Quali sono le ragioni profonde della violenza di genere?
Dal lato maschile la drammatica difficoltà di riconoscere nella partner un soggetto di diritto: questo sia sul versante della libertà che su quello della sua condizione umana. La donna viene temuta (ma anche invidiata) e quindi punita per la relazione che mostra di saper intrattenere con la vita, con quel mistero e profondità delle cose a cui lui raramente mostra di sapersi avvicinare (si pensi, di nuovo, alla relazione col corpo, il godimento o il dolore). L’uomo violento, non a caso, pensa di “sapere cosa ci vorrebbe per lei”, in sostanza vorrebbe irreggimentarla. Teme in lei la vita di cui ha sostanzialmente paura.
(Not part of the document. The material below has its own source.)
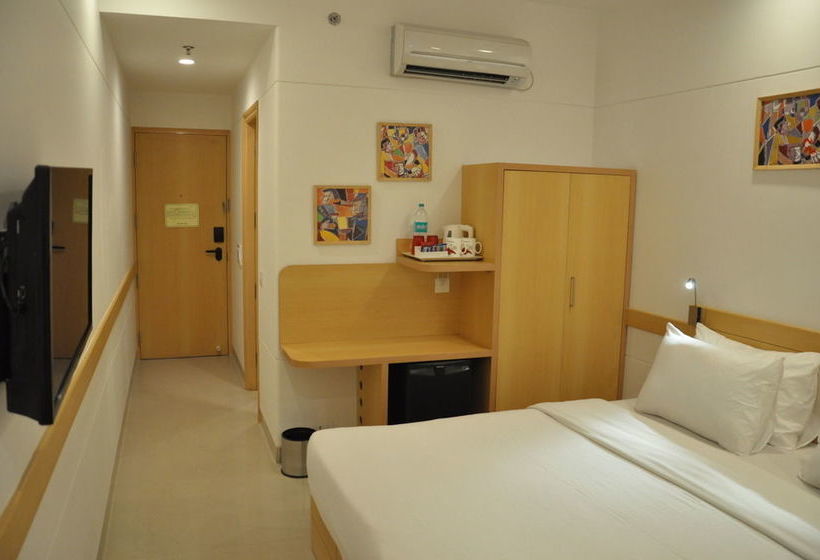 Fotos del hotel Red Fox Hotel Chandigarh:  14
Freud non esita a scrivere che “l’uomo teme di essere indebolito dalla donna, di essere contaminato dalla sua femminilità e perciò rifiuta la donna come estranea e ostile”.
Dal lato della donna, invece, subire la violenza ha spesso il valore di una resistenza attuata in nome di un amore senza limiti: stare al proprio posto nella speranza (il più delle volte un’illusione) di vedere prima o poi apparire il padre amorevole sotto la pelle del lupo.

Quale percorso dunque per la costruzione dell’umano?
La costruzione dell’umano è l’opera della civiltà. Un cantiere aperto che ci vede impegnati giorno per giorno, fin nei piccoli atti, nella cura del mondo e di noi stessi, riuscendo a mantenere le condizioni che fanno di noi degli esseri viventi, in grado di esercitare le proprie competenze civili e le proprie responsabilità con capacità critica e sufficiente creatività. Tutte cose che non bisogna mai dare per scontate, soprattutto in una società come la nostra, dove la spinta all’omologazione e al pensiero unico è piuttosto forte.
La donna, come scrivo alla fine del libro, ha in sé delle caratteristiche che sono in qualche modo riconducibili a quelle della comunità come elemento critico, affettivo, dinamico della società. Cantiere aperto, luogo discorsivo che dà modo ai suoi membri di uscire dalla logica inebetente dei godimenti imposti dal mercato (una sorta di Centro benessere diffuso) per esplicare le proprie responsabilità civili e forme condivise, creative, evolute di godimento. Il percorso da seguire è dunque questo, oggi, passa necessariamente per la riabilitazione della comunità (che ha appunto un’anima femminile), per il rilancio di tessuti comunitari dove ragionare e agire non più solo come individui ma come costruttori e manutentori di legami umani significativi.